(Short text fragments from websites)
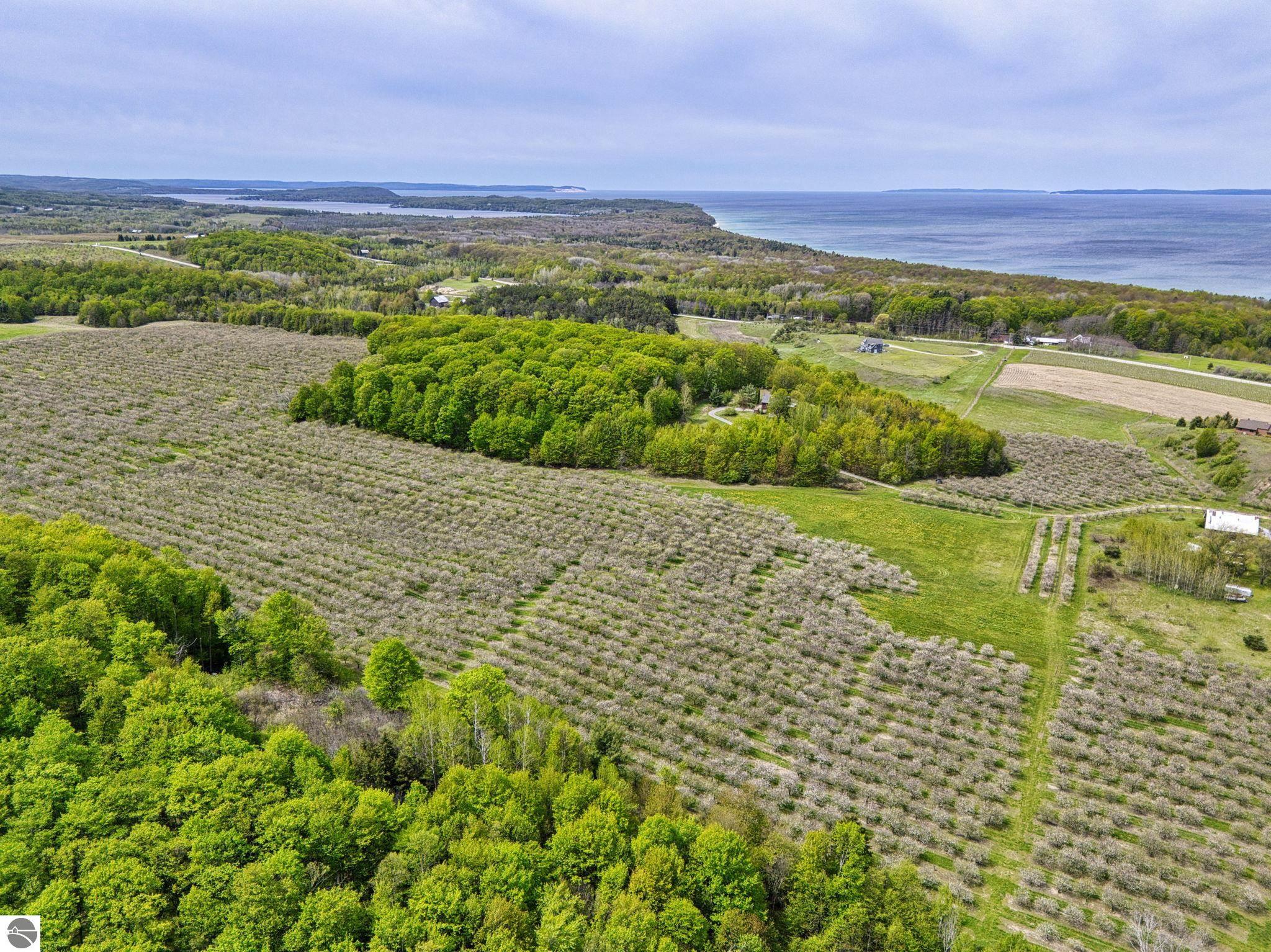 6400 N Manitou Trail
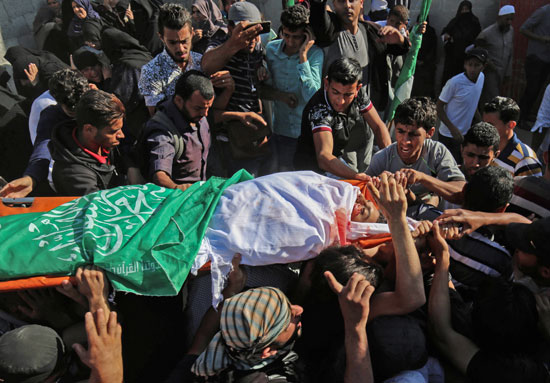فلسطينيون يشيعون الجثمان 
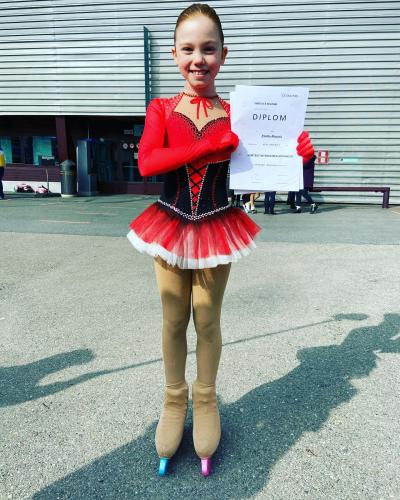 Emilia und Letizia Macula – Twins on Ice · Foto 231 von 377 · Instagram @twins_on_ice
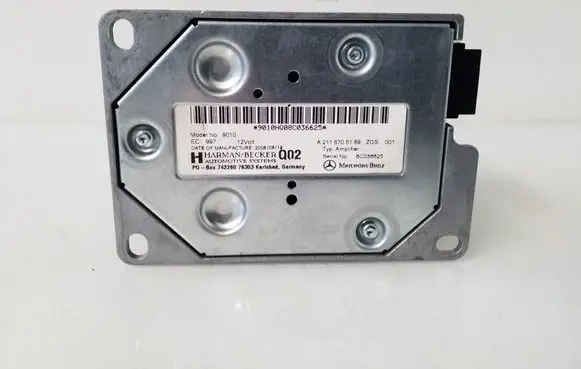 Mercedes-Benz CLS C219 Sound amplifier A2118705189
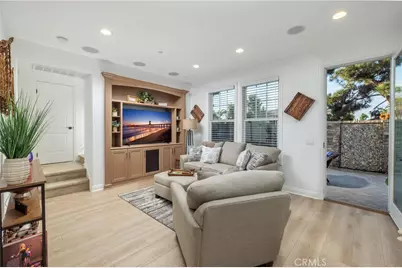 4711 Winthrop Drive, Huntington Beach, CA 92649 - Photo 14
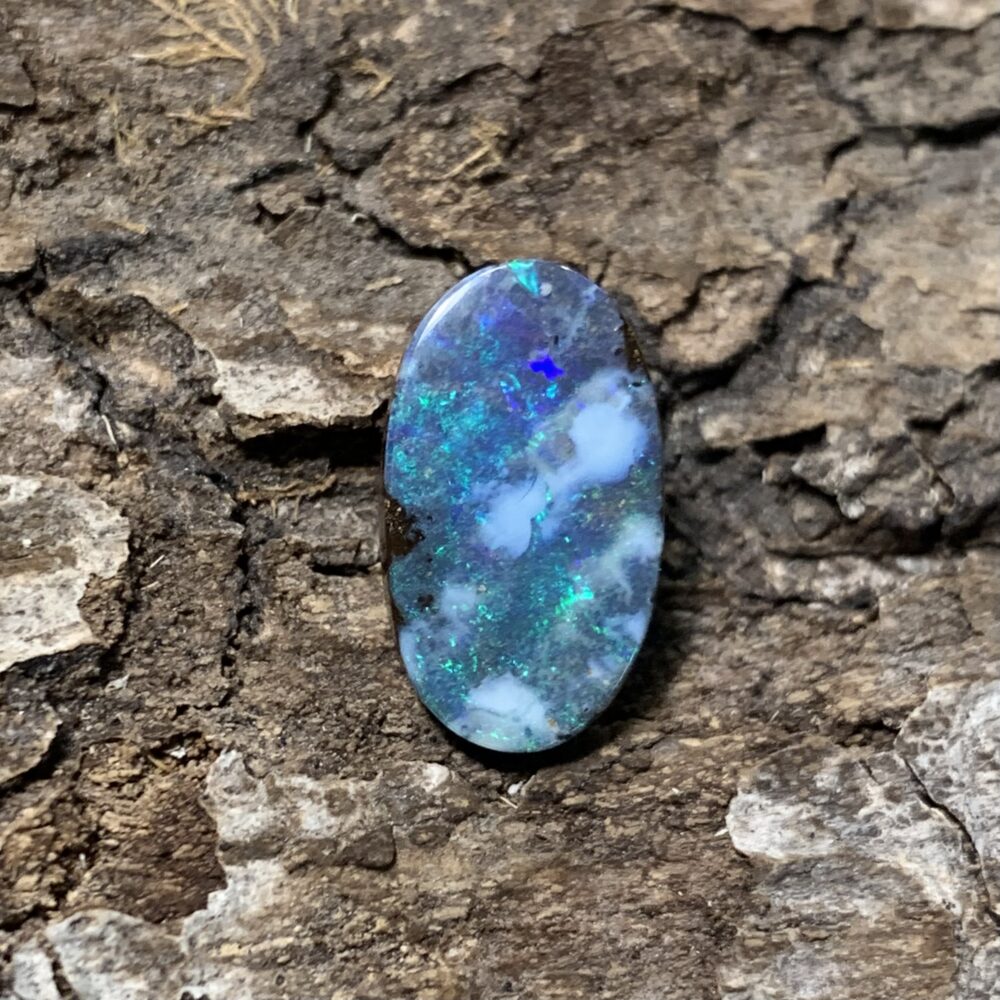 Blauer Opal mit weissen Wolken im Hintergrund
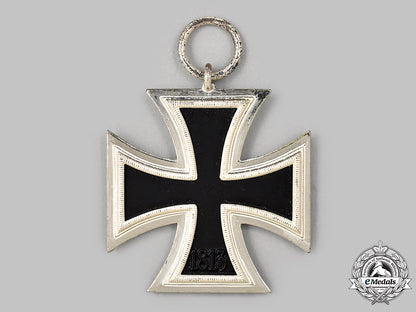 germany,_wehrmacht._a_mint1939_iron_cross_ii_class,_lug_variant_58_m21_mnc3432_1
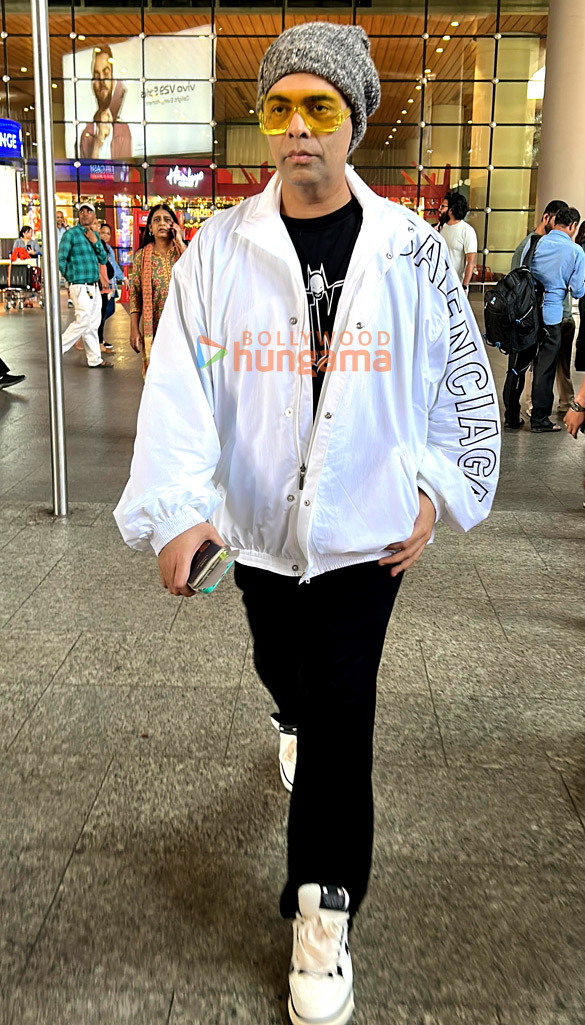 photos sophie choudry and karan johar snapped at the airport 4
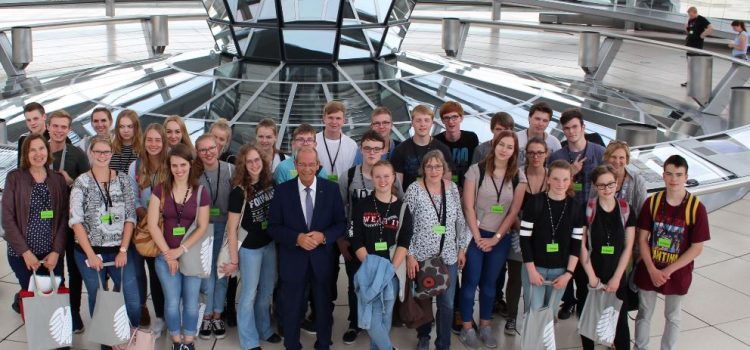 Die 30 Schülerinnen und Schüler des Gymnasium Rahden folgten einer Einladung des Paderborner Bundestagsabgeordneten nach Berlin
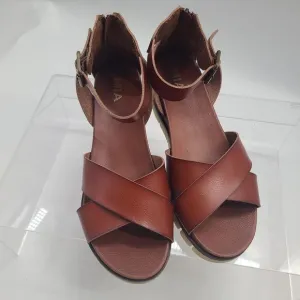 NWOB  MIA Lauri Wedge Sandal Cognac Size 10M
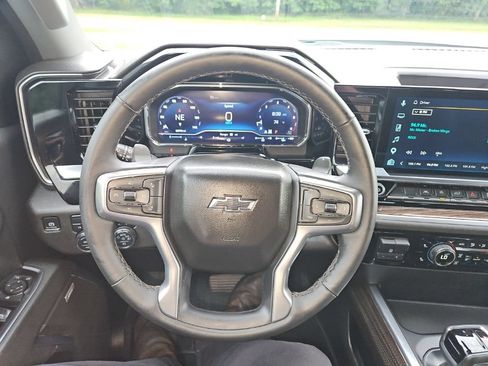 Used 2025 Chevrolet Silverado 1500 RST w/ Convenience Package II AWD/4WD image 18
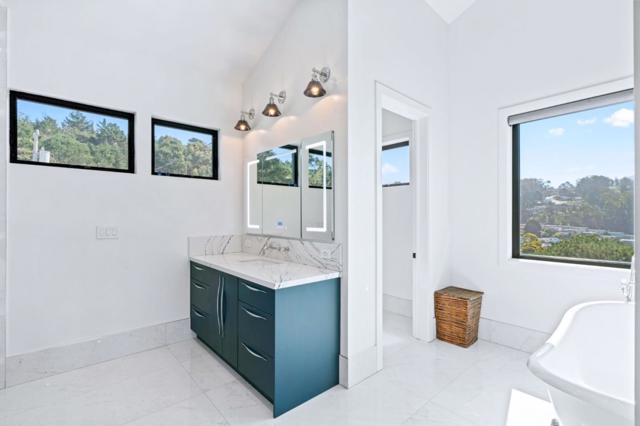 1016 Escalero Avenue, Pacifica CA: https://media.crmls.org/mediaz/f1d4a602-b29f-41c6-8acb-2f0a300195e2.jpg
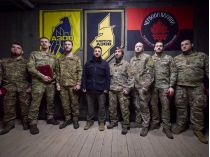 Зеленский посетил бойцов Азова на Добропольском направлении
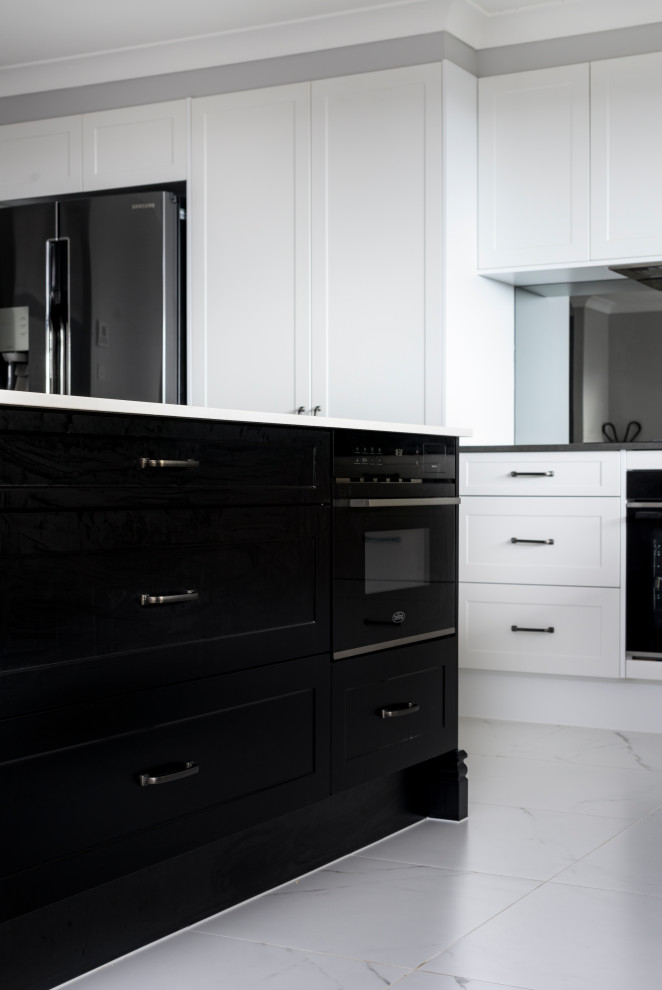 Black and White Kitchen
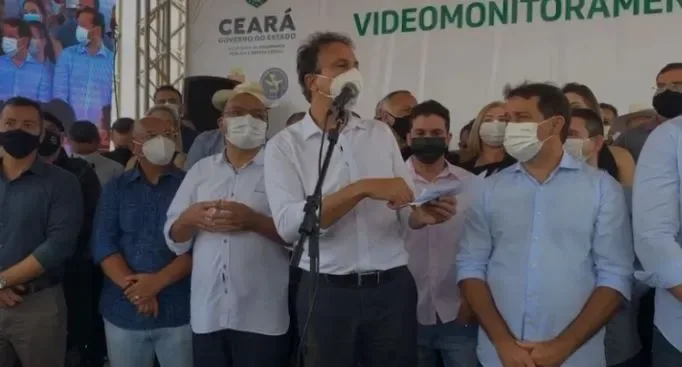 Camilo Santana anuncia reforma da CE 329 entre Varjota e Reriutaba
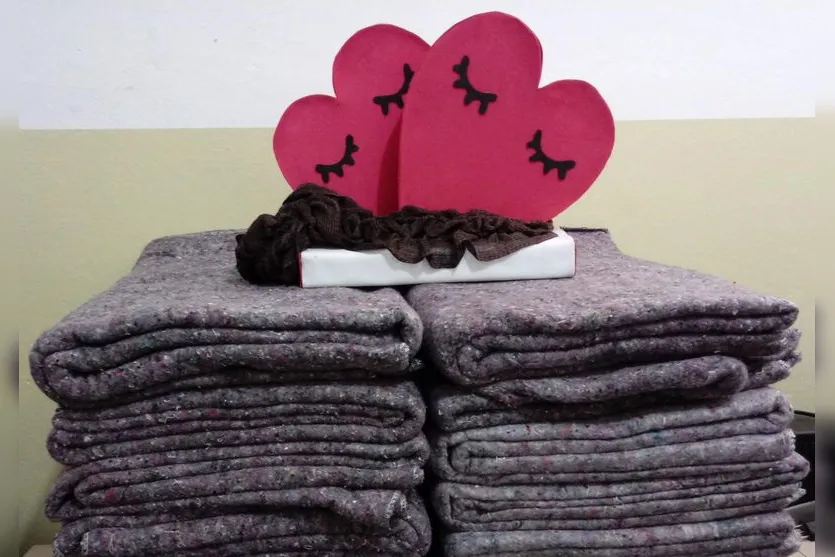 População em situação de rua recebe cobertores em Arapongas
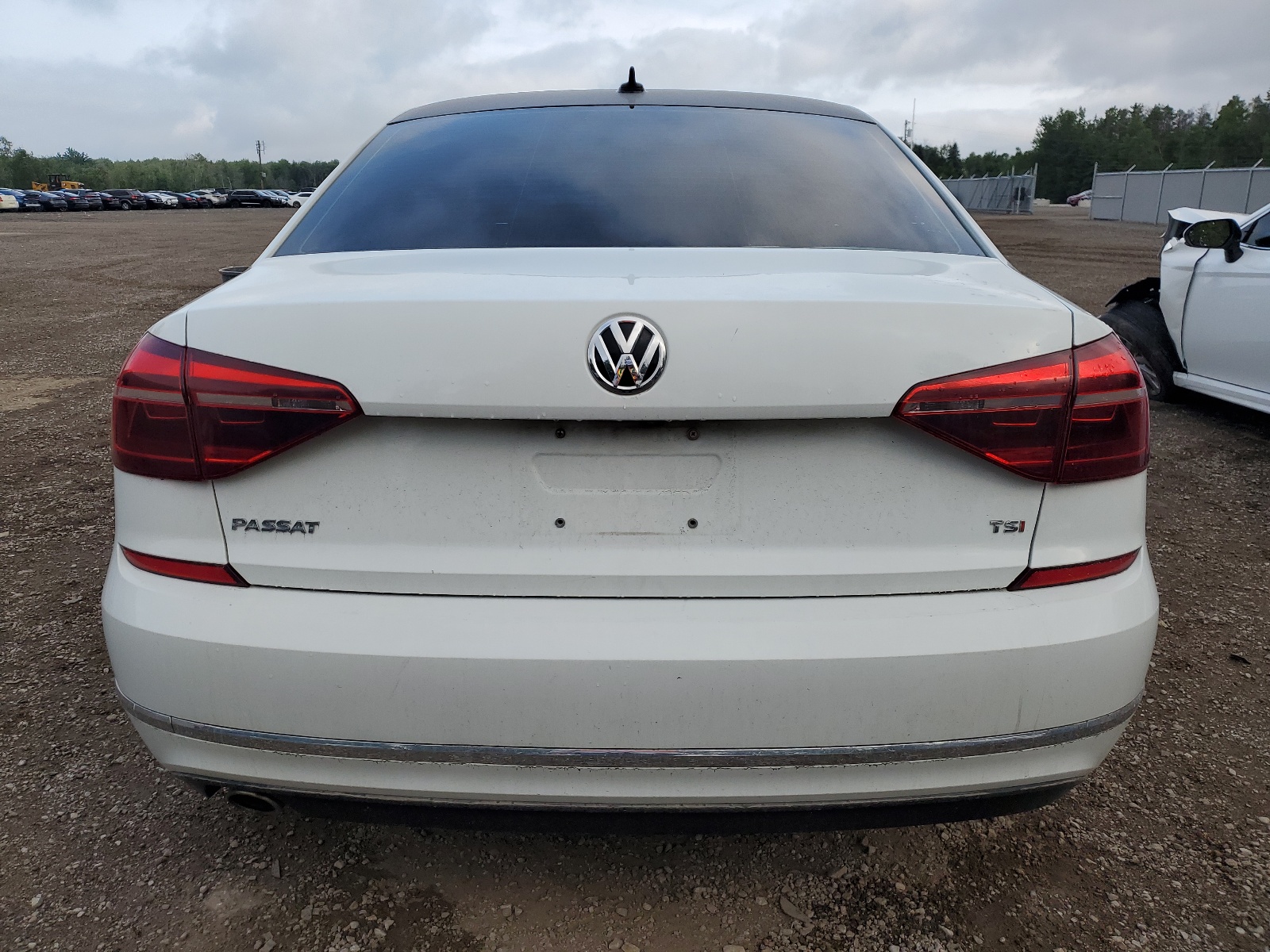 1VWAA7A39JC033997 2018 Volkswagen Passat S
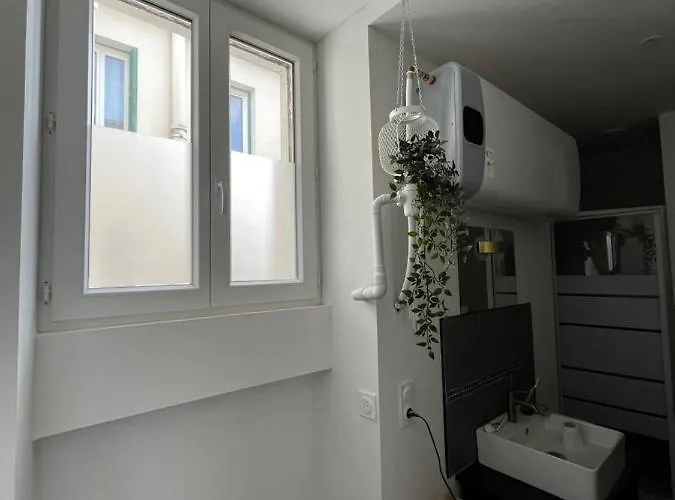 2 Pieces Avec Terrasse Proche Centre - Parking Gratuit A Proximite Апартаменты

# Task objective
Transcribe the records above exactly, leaving out every picture.

# Reply
 6400 N Manitou Trail
فلسطينيون يشيعون الجثمان 
 Emilia und Letizia Macula – Twins on Ice · Foto 231 von 377 · Instagram @twins_on_ice
 Mercedes-Benz CLS C219 Sound amplifier A2118705189
 4711 Winthrop Drive, Huntington Beach, CA 92649 - Photo 14
 Blauer Opal mit weissen Wolken im Hintergrund
 germany,_wehrmacht._a_mint1939_iron_cross_ii_class,_lug_variant_58_m21_mnc3432_1
 photos sophie choudry and karan johar snapped at the airport 4
 Die 30 Schülerinnen und Schüler des Gymnasium Rahden folgten einer Einladung des Paderborner Bundestagsabgeordneten nach Berlin
 NWOB  MIA Lauri Wedge Sandal Cognac Size 10M
 Used 2025 Chevrolet Silverado 1500 RST w/ Convenience Package II AWD/4WD image 18
 1016 Escalero Avenue, Pacifica CA: https://media.crmls.org/mediaz/f1d4a602-b29f-41c6-8acb-2f0a300195e2.jpg
 Зеленский посетил бойцов Азова на Добропольском направлении
 Black and White Kitchen
 Camilo Santana anuncia reforma da CE 329 entre Varjota e Reriutaba
 População em situação de rua recebe cobertores em Arapongas
 1VWAA7A39JC033997 2018 Volkswagen Passat S
 2 Pieces Avec Terrasse Proche Centre - Parking Gratuit A Proximite Апартаменты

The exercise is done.